Se acaba el año, pero tendré en mi mente, lo recordado hoy: la larga espera en Phoenix con Gaby; los rostros de esos cuatro franceses y sobre todo Christian con esa singular sonrisa y humildad; las bromas de Pachuca antes y sí, incluso la posteriores a la borrachera; las naranjas con sonrisa de Valeria; el rico y enorme Kisses que compartí con Anahí y Valeria; la sesión de fotos casi profesionales de Ena y Paty; la espera en el foro sol con mis adorados amigos: Violet, Juans, Jan, Susan y Sandra para ver a Coldplay; la felicidad de saber que Violet los había conocido; las risas con mi sobrino en el concierto de Muse; su pantalón roto en el concierto; la playera de Ali; la cabaña frente al mar en Tulum; la vista desde la torre de control en el aeropuerto de Cancún; la risa de mi hermana al ver mi cara en el avión; los abrazos y bromas de mis sobrinos; ese momento frente al mar con las rosas que le llevamos a mi mamá; los abrazos de mis amigos en mi cumpleaños; el viaje a carretera y las risas de mis sobrinos; el pastel de mi papá; las bromas acerca del perico muerto en el refrigerador; el entusiasmo al abrir el negocio; la cara de mi hermana al ver a Phoenix en el acústico; Sara, Andrea y yo cantando a Regina Spektor; Juan cuidándome en The Temper Trap; ver a mi sobrinos de nuevo en la boda de mi prima; las criticas en clase de inglés de Elena y yo hacia el maestro; las bromas en la cabina de radio; el baile de Laura; las múltiples voces de Tatashi y sus innumerables bromas que me hacen doblarme de risa; el “que diche, que diche” que siempre hace reír a Rogelio; los viajes en el coche de Itzel; la sinceridad de Sara, la de Valeria, son demasiados momentos, va en mi Word cinco hojas y me parece increíble que un año pueda resumirse en cinco hojas.
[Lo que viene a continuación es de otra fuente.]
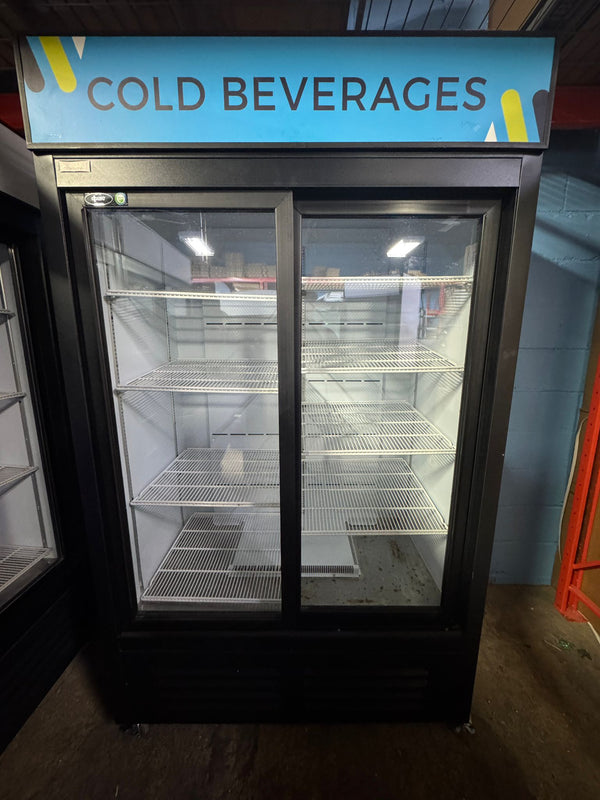 Used QBD Black CD40-HC 48" Wide Double Glass Door Refrigerator-Manufactured in 2022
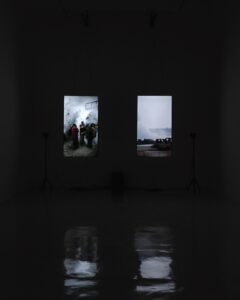 Gabriel O'Shea Instagram - Polyphony (QUO VADIS) (2023)
(two-channel video installation) 
&
Preludio (2023) 
(36’ 20’’, two channel sound piece/installation) 
-
On view until July 14 @galeriahilariogalguera 
-
#gabrieloshea#videoarte#videoart#videoinstallation#videoinstallationart#instalaciondevideo#aiartwork#aiartist#inteligenciaartificial#galeriahilariogalguera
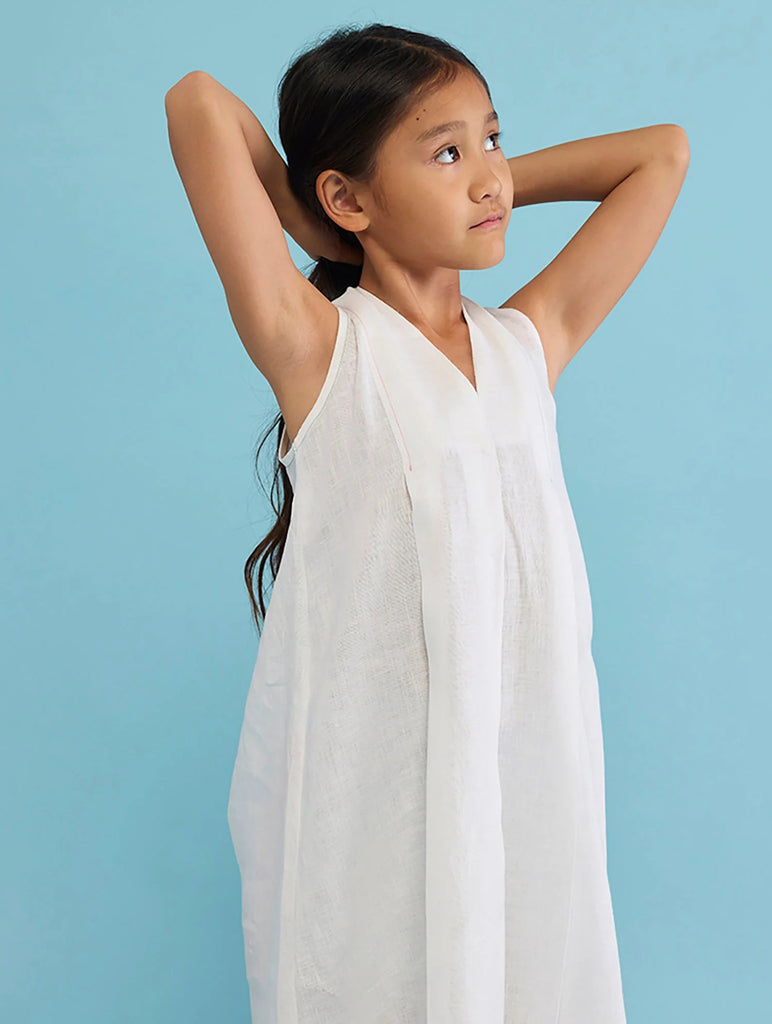 Ita Pleated Linen Dress - White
No me queda más que decir: se acaba 2010 y vendrá otro año, espero con muchos conciertos, y sino con más cosas memorables de las cuales me pueda reír mucho más, de esas que te sacan sonrisas aunque estés en tu cuarto con la luz apagada. E inserte frase cliché de la época: Gracias a todos ustedes, por hacer tan maravilloso este año, aunque algunos quizá no estén mencionados con nombre, saben que hacen que mi vida no sea tan aburrida, me hacen sonreír y los quiero mucho. Frase cursi: Gracias por hacerme parte de su vida y por aceptarme aunque soy bastante molesta, MUCHAS GRACIAS.

domingo, 19 de diciembre de 2010

Gustos culposos


Última clase de inglés básico uno, examen final oral con un profesor que parece integrante de la “Maldita Vecindad” o “Panteón Rococo”.

Fragmento de la conversación para el examen:

Elena (mi amiga): I’m student but sometimes play violin and reading
Compañerita del inglés: We have a reading club, Do you like Dan Brown?
Danielita (esa soy yo): Yes, he's Ok but I prefer Julio Cortazar (no pongo acento porque se supone que inglés no hay acentos pero es Cortázar)…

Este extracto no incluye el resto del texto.